*Prompt*.
After locating the line with "Fluted Base Jewelry" below, output it and each following line exactly, stopping after the line with "Two Royal Doulton". No pictures.

*Provided information*.
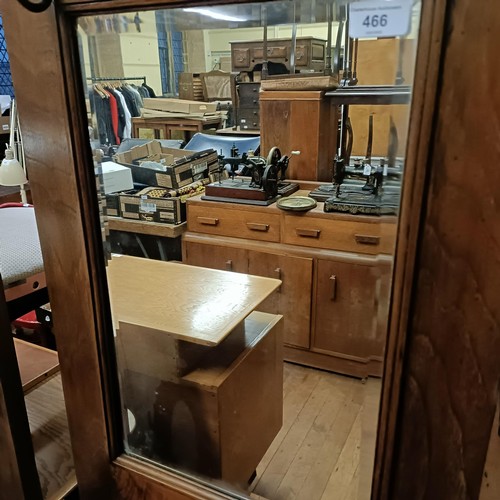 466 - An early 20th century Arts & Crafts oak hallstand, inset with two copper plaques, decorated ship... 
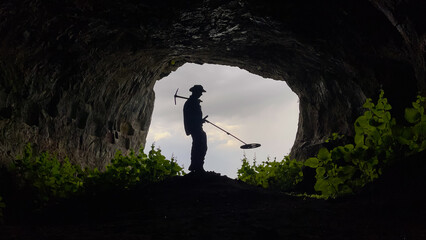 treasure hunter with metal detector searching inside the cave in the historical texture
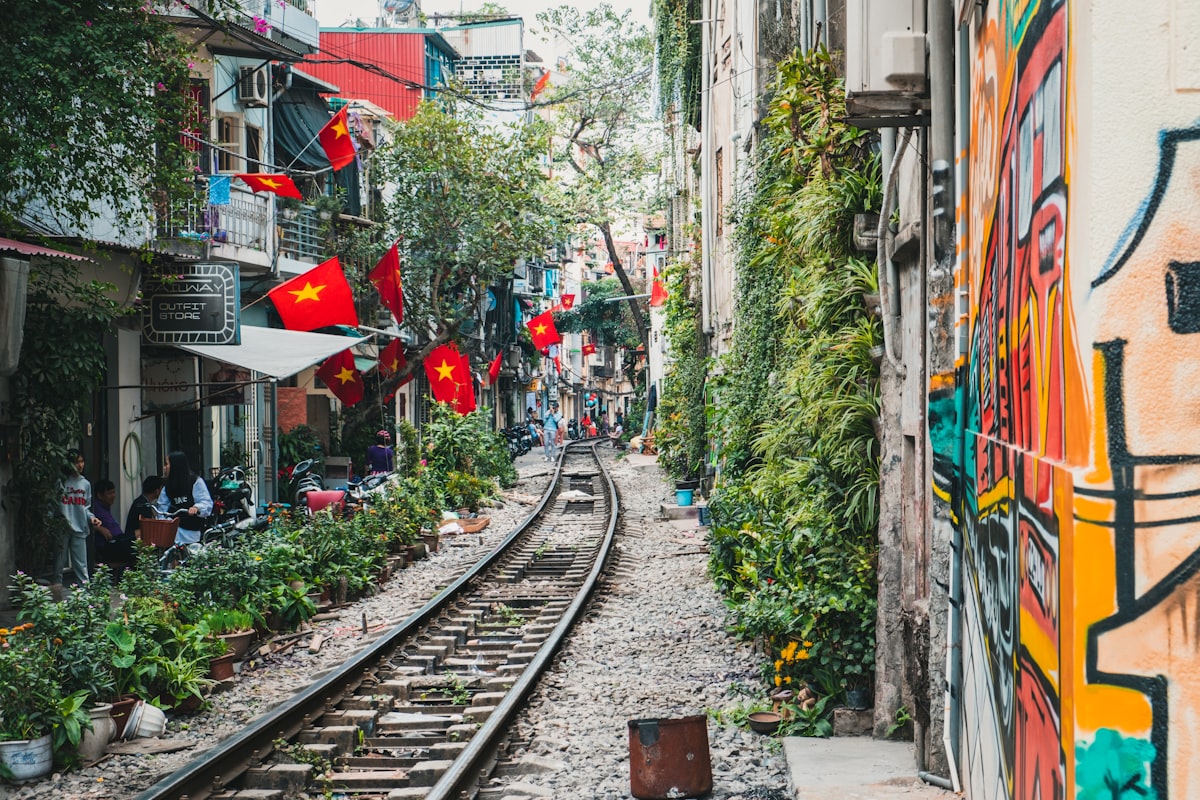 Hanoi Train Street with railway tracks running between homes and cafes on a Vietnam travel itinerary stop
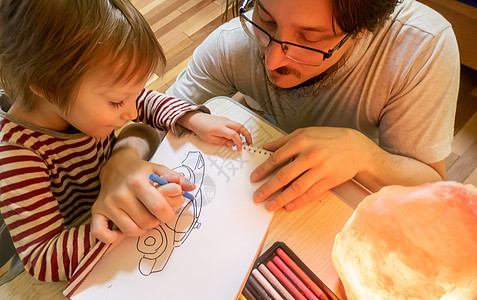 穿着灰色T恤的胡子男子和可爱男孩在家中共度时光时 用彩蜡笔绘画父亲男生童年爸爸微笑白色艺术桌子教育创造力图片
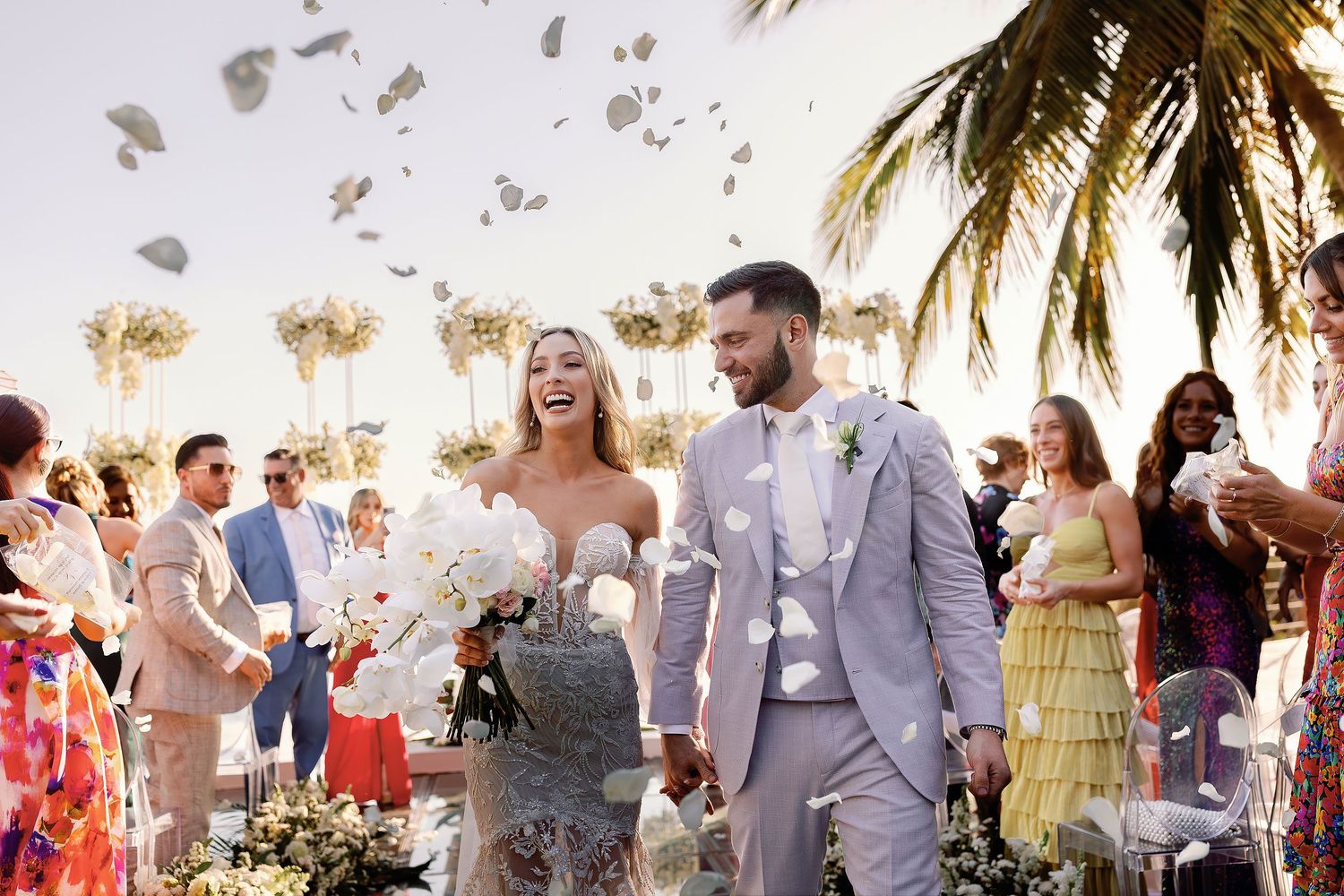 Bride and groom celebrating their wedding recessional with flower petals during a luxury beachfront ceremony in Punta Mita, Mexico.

==

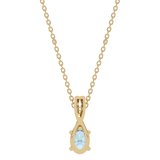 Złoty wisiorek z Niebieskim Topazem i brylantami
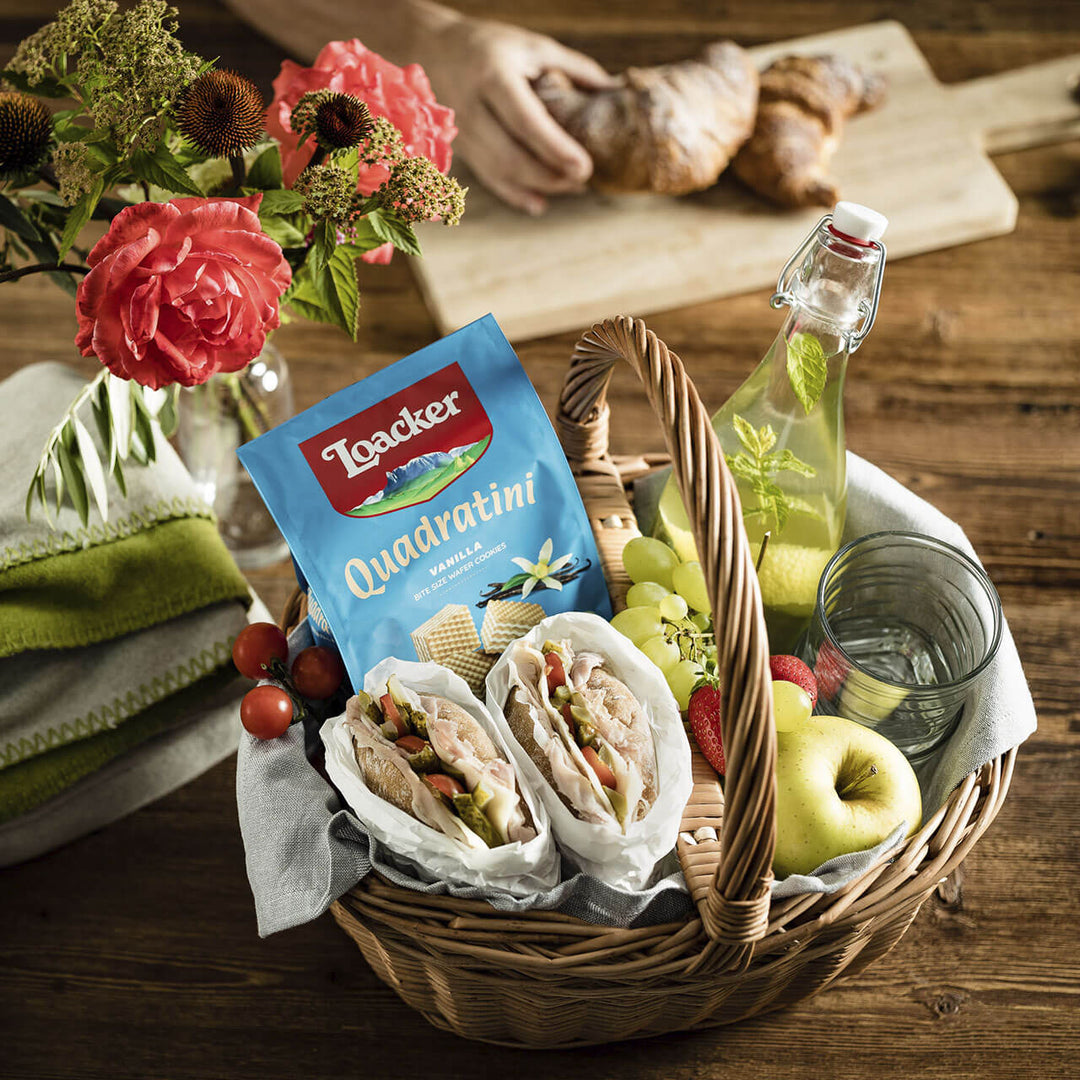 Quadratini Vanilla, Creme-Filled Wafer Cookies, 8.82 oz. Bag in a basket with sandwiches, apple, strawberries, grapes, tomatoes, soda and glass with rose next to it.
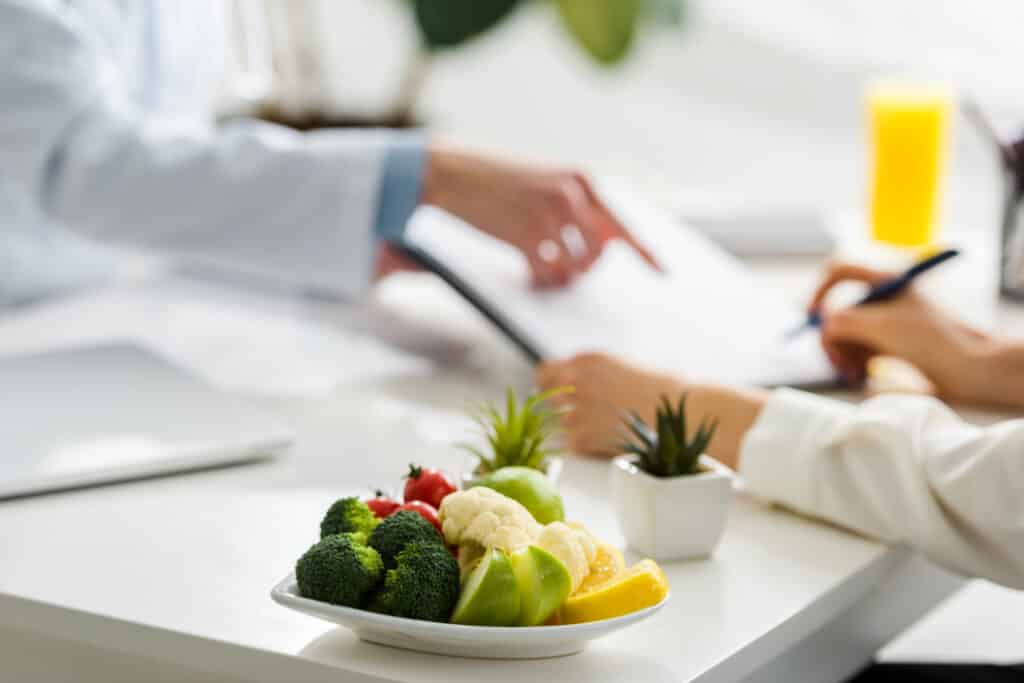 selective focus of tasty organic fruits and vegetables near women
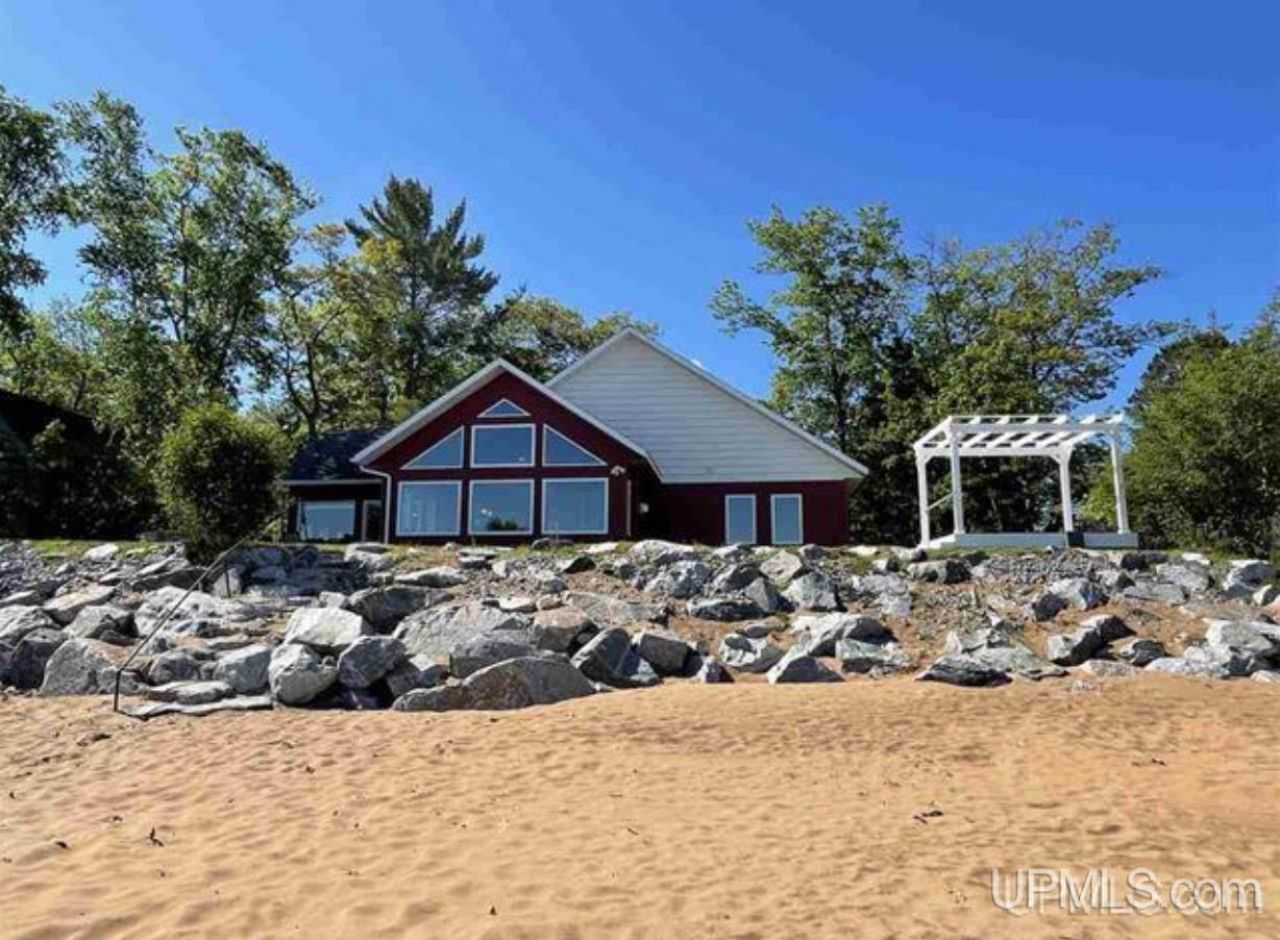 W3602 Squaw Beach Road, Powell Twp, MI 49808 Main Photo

==

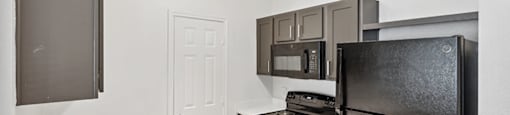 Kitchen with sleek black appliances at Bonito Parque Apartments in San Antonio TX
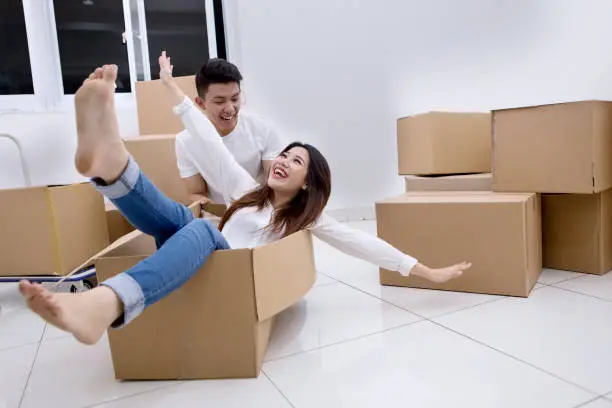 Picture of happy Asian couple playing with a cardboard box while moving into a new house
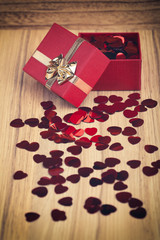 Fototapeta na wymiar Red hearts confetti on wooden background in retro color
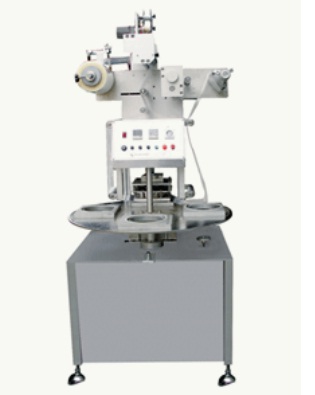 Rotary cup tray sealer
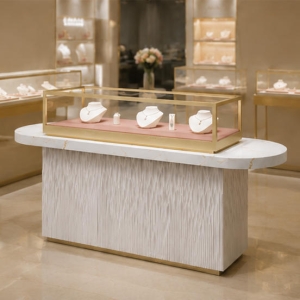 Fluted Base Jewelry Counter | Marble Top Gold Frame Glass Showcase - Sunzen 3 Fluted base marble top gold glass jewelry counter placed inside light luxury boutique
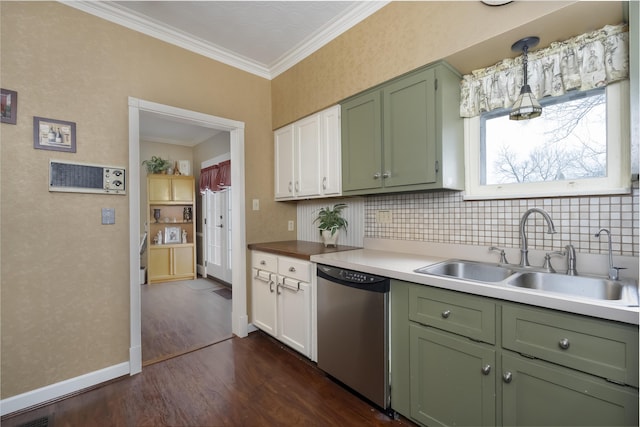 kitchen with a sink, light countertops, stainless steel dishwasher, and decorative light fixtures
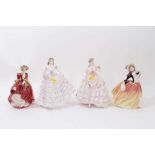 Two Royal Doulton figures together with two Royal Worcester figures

*Exercise solution*.
 Fluted Base Jewelry Counter | Marble Top Gold Frame Glass Showcase - Sunzen 3 Fluted base marble top gold glass jewelry counter placed inside light luxury boutique
 kitchen with a sink, light countertops, stainless steel dishwasher, and decorative light fixtures
 Two Royal Doulton figures together with two Royal Worcester figures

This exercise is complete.